Avraham Eisenberg was arrested in Puerto Rico on Dec. 26 on commodities fraud and manipulation charges relating to the $110 million exploit of the decentralized Mango Markets exchange. Eisenberg had self-identified as the actor behind what he called a “highly profitable trading strategy” and insisted that he had taken “legal open market actions, using the protocol as designed.”
Eisenberg’s arrest predictably lit up crypto Twitter, with some observers paying particular attention to the fact that commodities fraud charges were being pressed in a case involving a crypto coin:
“AVRAHAM EISENBERG, the defendant, willfully and knowingly, directly and indirectly, used and employed, and attempted to use and employ, in connection with a swap, a contract of sale of a commodity in interstate and foreign commerce.”
Eisenberg had manipulated the price of the exchange’s MNGO coin relative to the USDC (USDC) stablecoin and then took out loans against his collateral. For this, Eisenberg was charged with commodities fraud. In the charges against Eisenberg, U.S. Federal Bureau of Investigation special agency Brandon Racz wrote:
“I understand that virtual currencies, such as USDC, are ‘commodities’ under the Commodity Exchange Act.”
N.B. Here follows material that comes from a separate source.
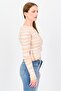 Women Asymmetrical Neckline One Sleeve Stripe Top, Multicolor - 3
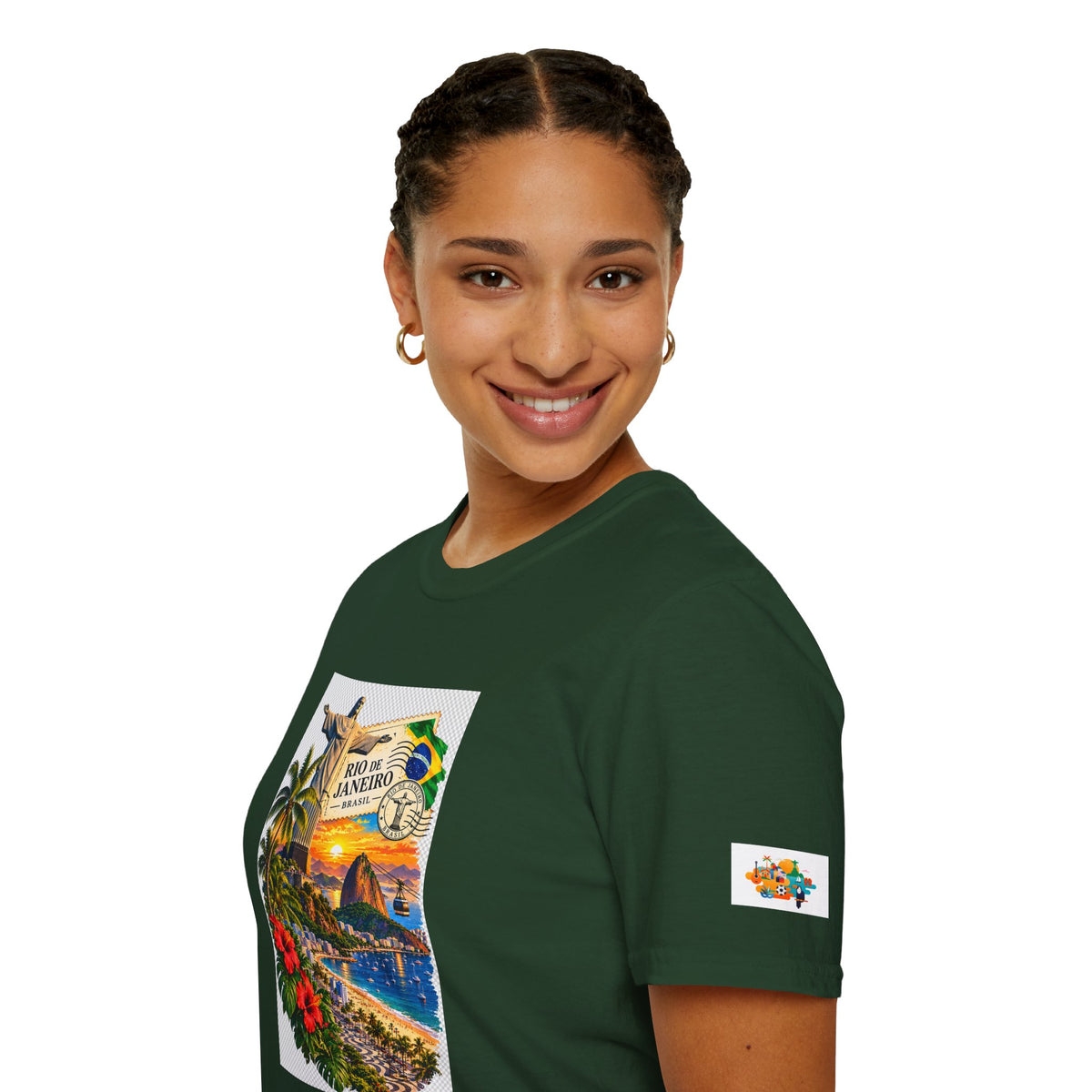 Rio de Janeiro Vintage Postcard T-Shirt — Tropical Brazil Travel Tee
The agent’s understanding that stablecoins are commodities is only partially backed up by government policy, although it cites the McDonnell case prosecuted by the U.S. Commodities Futures Trading Commission (CFTC) as precedent. The claim that USDC is a commodity is not as controversial as claiming the same for MNGO, but may have been a conscious choice.
The legal strategy behind the DOJ’s choice of the Commodity Exchange Act (CEA) to prosecute the case seemed to be grounded in expediency. For one thing, the CEA addresses price manipulation directly.
Related: Hackers copied Mango Markets attacker’s methods to exploit Lodestar — CertiK
In addition, the CFTC is often seen as taking a softer approach to crypto regulation than the SEC, although that perception is disputable.